The 14th of December is Monkey Day.
Monkey Day? Really?
Yeah, I know. There’s a day for pretty much everything now. Some of them raise awareness for genuinely important causes, some of them not so much (that’s right, International Talk Like a Pirate Day, I’m looking at you).
The origins of Monkey Day are a bit iffy. Wikipedia tells me it was started in 2000 when an art student scrawled Monkey Day into a friend’s calendar. As the name would suggest, the day is primarily about monkeys, but it also celebrates other (non-human) primates such as apes, lemurs and tarsiers (if you don’t know what a tarsier is look it up, I promise you will not be disappointed).
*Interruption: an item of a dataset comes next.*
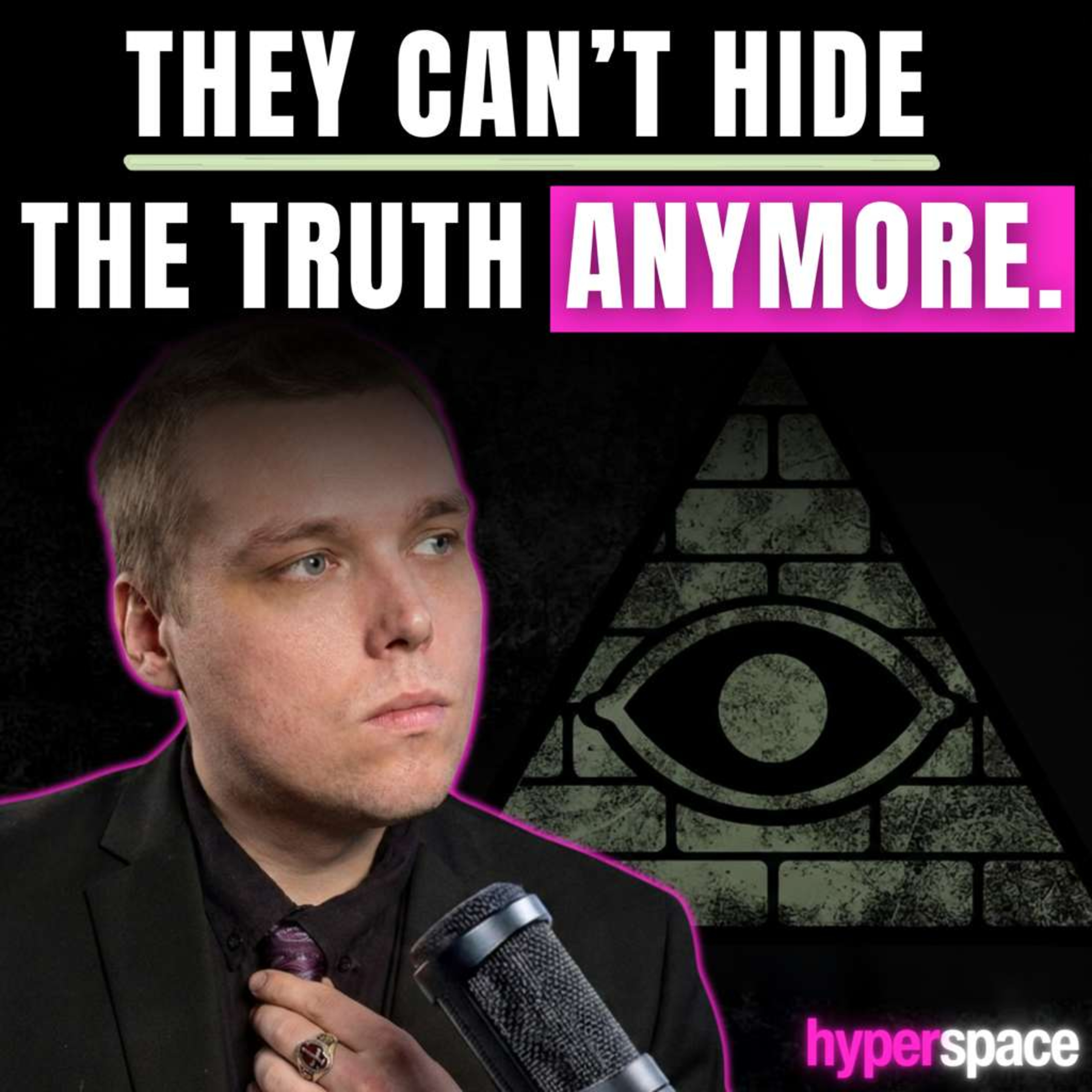 The Forum They DON'T Want You Finding. episode artwork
How does one even celebrate Monkey Day? One of the founders of Monkey Day sends Monkey Day cards to strangers. Others have raised money for primate-related charities with gibbon portrait classes. In 2005, Peter Jackson’s remake of King Kong was released on Monkey Day. If that all seems like a bit too much effort, you could always celebrate with a vaguely monkey-related book or movie from the library. There’s Brian K. Vaughan’s Y: The Last Man, a comic book series in which a mysterious plague kills everything on earth with a Y chromosome, except for an escape artist called Yorick Brown and his pet monkey, Ampersand. If you’re looking for something classic, try out the 16th century Chinese novel, A Journey to the West, which has its roots in Chinese mythology and Taoist and Buddhist philosophy. Or, if you’re after something for the kids, you can’t go wrong with Disney classic, Aladdin.